Al 24esimo Dybala imbucava nuovamente per Malen, che scattava, si accentrava e poi di punta colpiva con la precisione giusta per trovare il gol. La revisione, però, pizzicava il neo acquisto in fuorigioco. Poco male perché un minuto più tardi nuovamente il 21 argentino pescava perfettamente l'olandese in piena area, e quest'ultimo di giustezza batteva Paleari, confermando la bontà del suo acquisto.

La sequenza dello 0-1
La sequenza dello 0-1Valerio Pennicino / GETTY IMAGES / AFP / Stats Perform

I granata erano scossi dall'efficacia romanista, ma pian piano cercavano di rialzarsi. Al 37esimo Ngonge era protagonista di una bella giocata sulla destra ma il suo cross teso veniva messo benissimo in corner da Ndicka. Il belga era nuovamente intraprendente qualche minuto dopo, ma il suo sinistro da fuori era troppo centrale per impensierire Svilar.

Gli ospiti facevano buona guardia con il loro difensore ivoriano, che ringhiava e recuperava spesso palla per far risalire i suoi col pallone. Prima dell'intervallo ci provava Cristante con una botta che finiva alta. A inizio secondo tempo il Toro partiva con più voglia, e dopo un paio di minuti Lazaro impegnava Svilar con un tiro secco ma centrale. 

Joya letale

Ndicka continuava il suo show personale chiudendo in scivolata in modo spettacolare su un lanciatissimo Ngonge, mentre l'ingresso di Casadei dava maggiore peso specifico in area ai granata. L'attaccante ex Napoli era il più vivace tra i suoi, e provocava in fuga l'ammonizione di Mancini. Sia Lazaro da sinistra sia Perdersen da destra macinavano chilometri e tentavano cross, ma senza mai creare pericoli concreti.

Col passare del tempo i capitolini perdevano freschezza, mentre il subentrato Soulé cercava lui di sgasare per dei contropiedi ormai fisiologici. Chi non calava in brillantezza era Dybala, che al 70esimo dal limite dell'area realizzava una magia con un cambio di piedi nel possesso palla, ma nell'ultimo dribbling prima di arrivare in posizione di tiro veniva fermato in modo pulito.

Ma l'argentino non era mai domo, e due minuti dopo trovava il raddoppio con un colpo al volo da due metri dopo un cross di Rensch. Ma l'azione era derivata da un'altra giocata strepitosa del 21 dal limite dell'area, che era stato negato del gol da un ottimo intervento di Paleari. Per Dybala era il ritorno al gol dopo quasi tre mesi. Ed era il colpo di grazia per un Toro che ci aveva provato ma in modo disordinato e poco efficace. 

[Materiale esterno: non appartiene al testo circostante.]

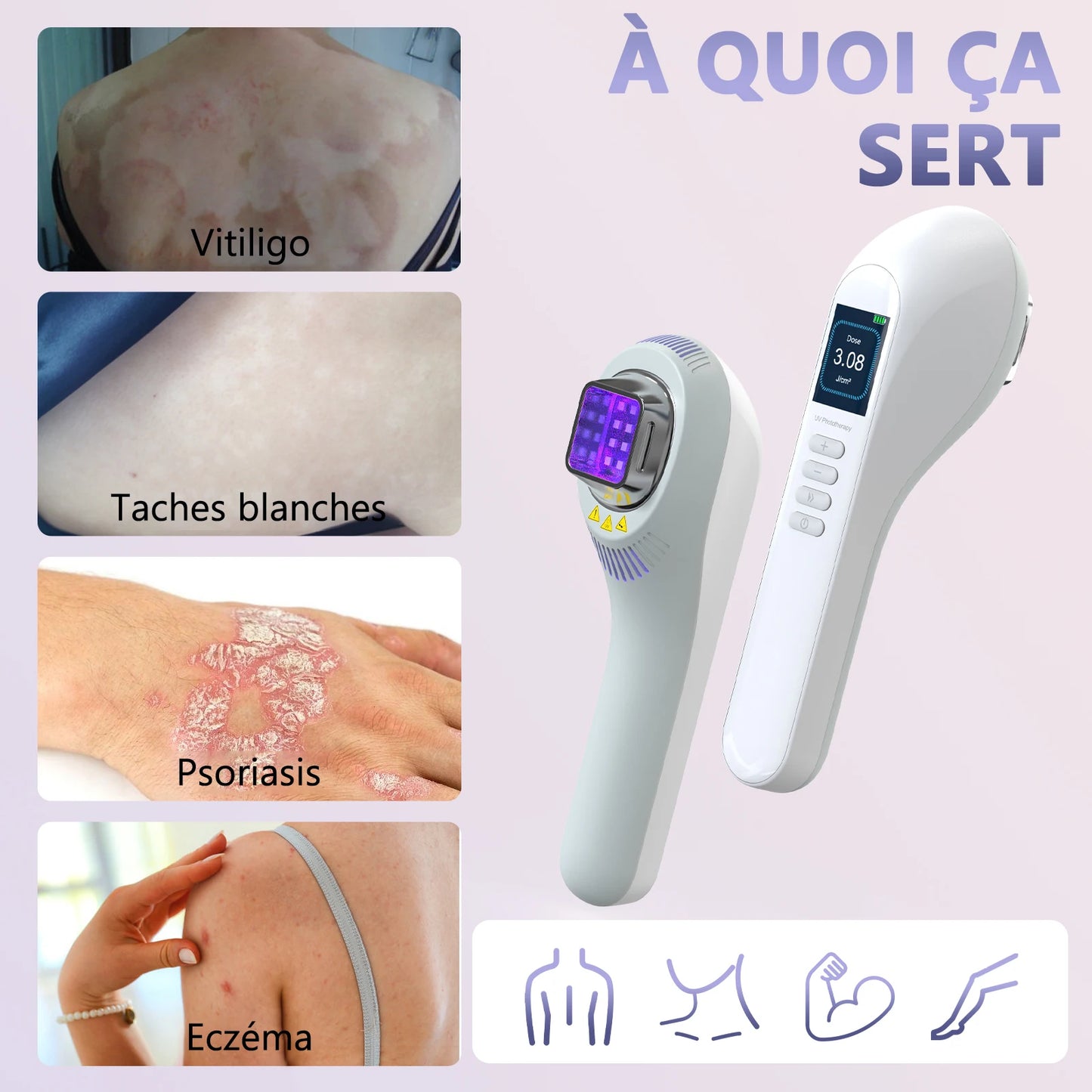 Lampe UVB 308nm pour Vitiligo, Psoriasis, Eczéma – Photothérapie à Domicile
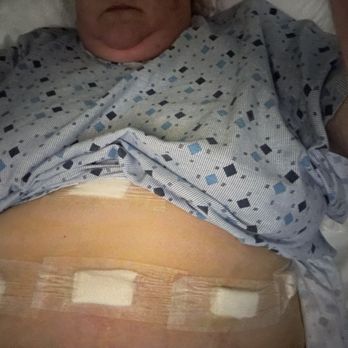 Medical Mex - My incisions - Plastic Surgeons Near Me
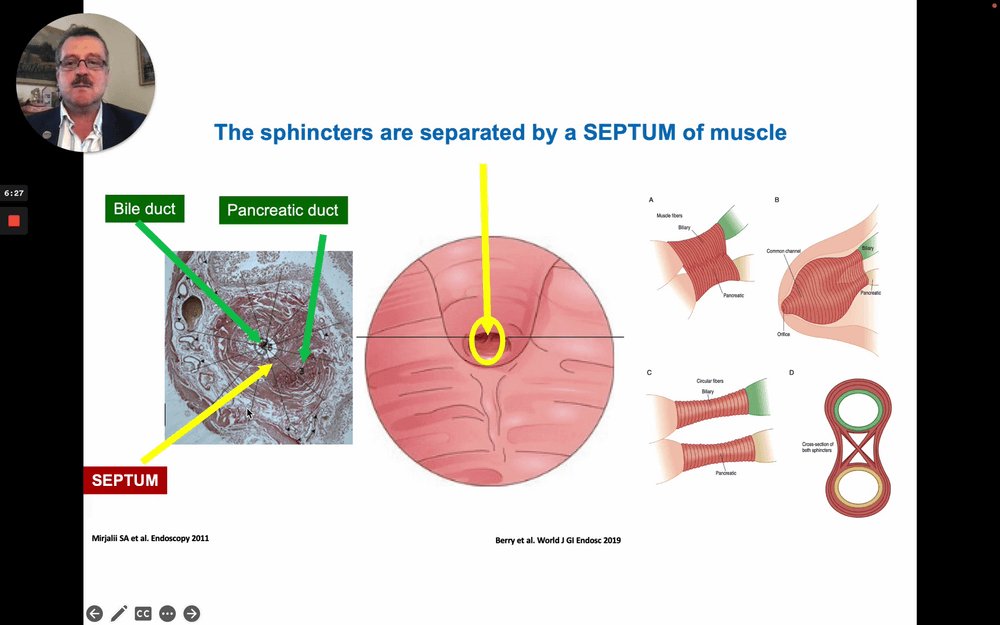 EndoCollabcom's tweet photo. Selective biliary cannulation requires aligning the sphincterotome wire with the natural axis of the bile duct.
 
1/ Understand septum anatomy: the septum separates biliary and pancreatic lumens, dictating the angle of wire entry.
 
2/ Key cannulation principles: maintain en-face papillary position, gentle wire probing, and minimal thermal contact.
 
3/ The compact disc method uses small rotational adjustments of the duodenoscope wheel to match the 11 o'clock duct axis.
 
4/ When cannulation stalls, shift early to advanced tips: wire-guided access, double wire technique, or pre-cut papillotomy.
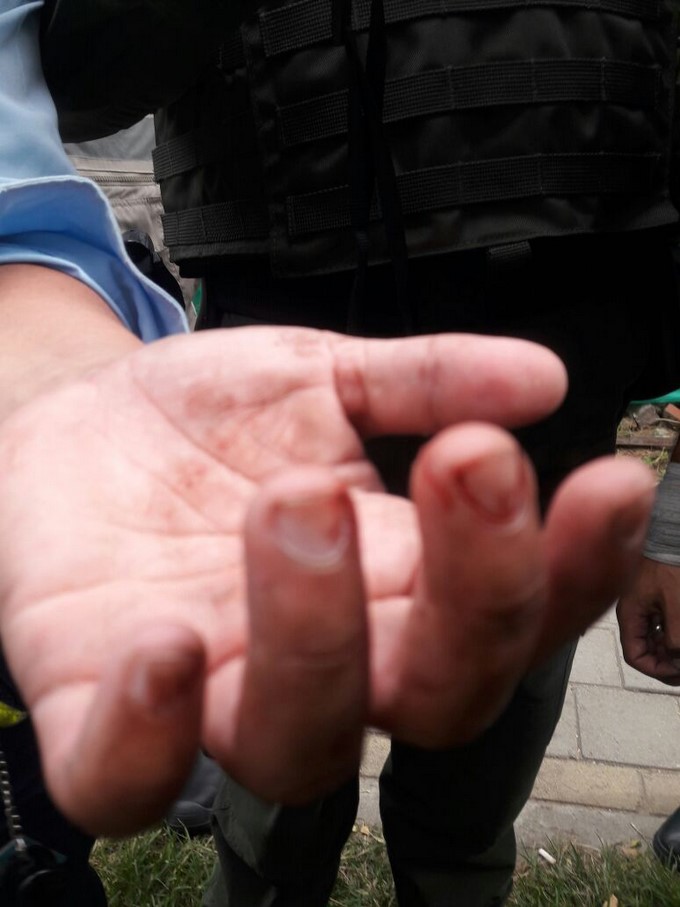 VIDEO Y FOTOS: Hombre agredió a un agente de tránsito en Ciudad del Río 5 Agente de transito agredida por Ciudad del R%C3%ADo 3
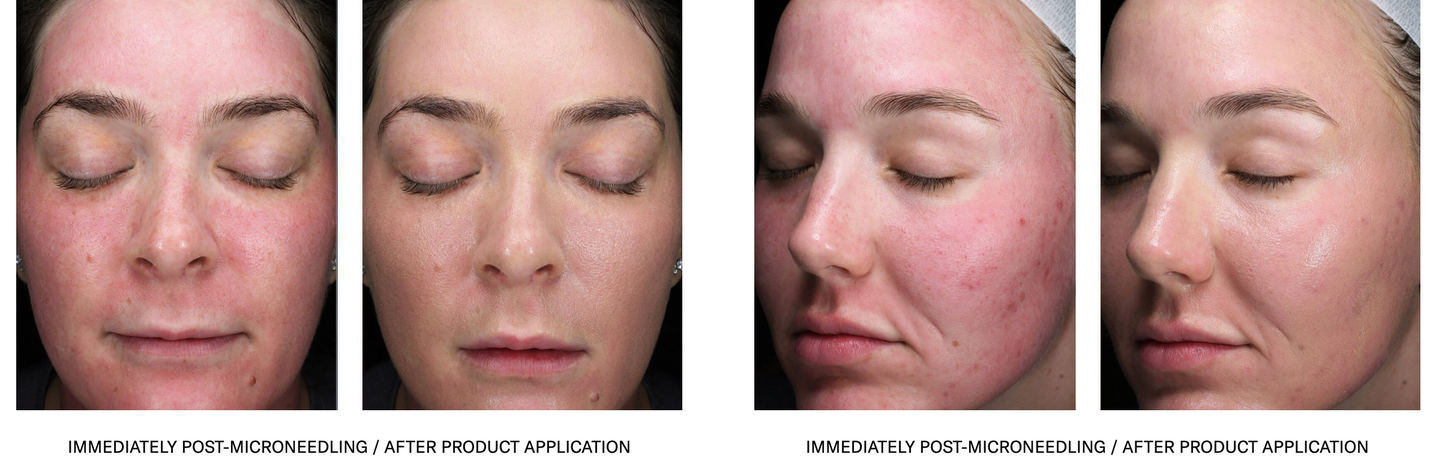 sunbetter TONE SMART SPF 75 Sunscreen Lotion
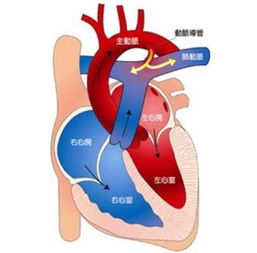 嬰兒肺動(dòng)脈高壓應注意事項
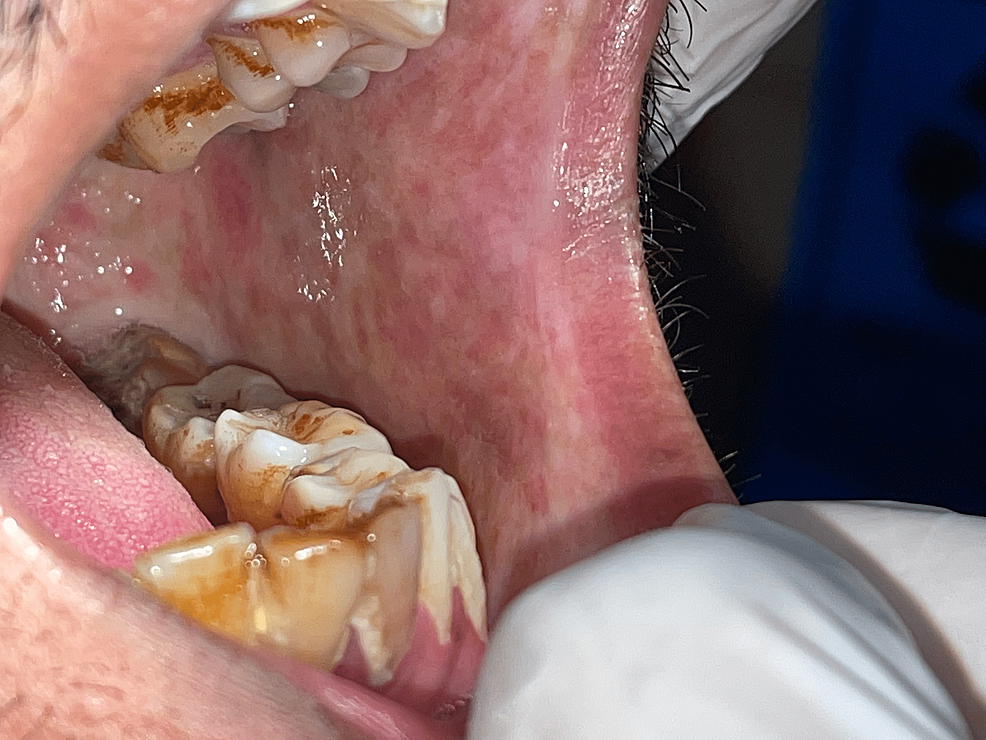 Assessment of Oral Lesions With Tobacco Usage A CrossSectional Clinicopathological Study in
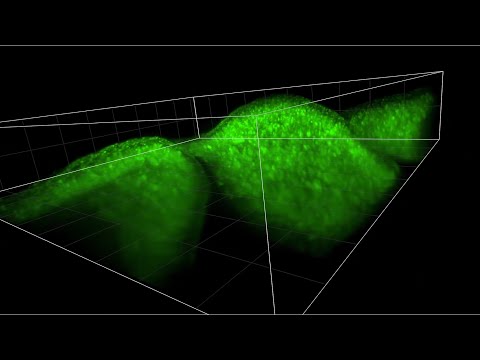 New 'BRAIN' Tool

L'orgoglio piemontese era tutto nel rabbioso destro rasoterra di Che Adams, che sfiorava il palo alla destra di Svilar in una serata senza davvero fortuna. Anche Coco partecipava ai tentativi della quasi impensabile rimonta con un destro non eccezionale da almeno venti metri. L'inerzia, però, era tutta giallorossa, e in contropiede al 90esimo l'altro neo arrivato Vaz fuggiva in contropiede e poi sparava su Paleari. La Roma, dunque, torna da Torino con tre punti in più della Juve, ed è attualmente quarta in classifica.